Start of Provided material

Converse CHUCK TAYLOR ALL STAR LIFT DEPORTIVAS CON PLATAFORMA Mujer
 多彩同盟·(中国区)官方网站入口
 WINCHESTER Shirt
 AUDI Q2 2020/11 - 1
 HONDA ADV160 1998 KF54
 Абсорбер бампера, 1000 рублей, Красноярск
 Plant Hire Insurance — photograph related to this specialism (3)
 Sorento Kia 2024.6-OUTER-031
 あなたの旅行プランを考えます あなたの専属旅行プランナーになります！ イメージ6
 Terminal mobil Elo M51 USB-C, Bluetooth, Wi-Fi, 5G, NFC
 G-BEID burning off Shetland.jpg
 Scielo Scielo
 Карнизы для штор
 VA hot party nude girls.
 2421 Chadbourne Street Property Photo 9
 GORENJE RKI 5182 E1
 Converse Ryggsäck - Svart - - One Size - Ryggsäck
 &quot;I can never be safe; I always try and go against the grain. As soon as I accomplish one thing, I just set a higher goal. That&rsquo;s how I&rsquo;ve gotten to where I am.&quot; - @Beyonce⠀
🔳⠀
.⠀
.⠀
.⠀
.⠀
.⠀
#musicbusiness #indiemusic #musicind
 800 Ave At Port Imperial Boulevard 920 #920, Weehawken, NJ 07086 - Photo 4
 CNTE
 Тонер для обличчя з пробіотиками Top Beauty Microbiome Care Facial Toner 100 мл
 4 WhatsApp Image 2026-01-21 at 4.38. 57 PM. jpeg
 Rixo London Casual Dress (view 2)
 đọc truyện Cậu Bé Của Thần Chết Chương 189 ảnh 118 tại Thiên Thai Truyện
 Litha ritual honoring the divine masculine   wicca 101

End of Provided material

*Required work*
Repeat the data word for word, starting at its first line and stopping after the line that contains "Карнизы для штор".

*Result of the exercise*
Converse CHUCK TAYLOR ALL STAR LIFT DEPORTIVAS CON PLATAFORMA Mujer
 多彩同盟·(中国区)官方网站入口
 WINCHESTER Shirt
 AUDI Q2 2020/11 - 1
 HONDA ADV160 1998 KF54
 Абсорбер бампера, 1000 рублей, Красноярск
 Plant Hire Insurance — photograph related to this specialism (3)
 Sorento Kia 2024.6-OUTER-031
 あなたの旅行プランを考えます あなたの専属旅行プランナーになります！ イメージ6
 Terminal mobil Elo M51 USB-C, Bluetooth, Wi-Fi, 5G, NFC
 G-BEID burning off Shetland.jpg
 Scielo Scielo
 Карнизы для штор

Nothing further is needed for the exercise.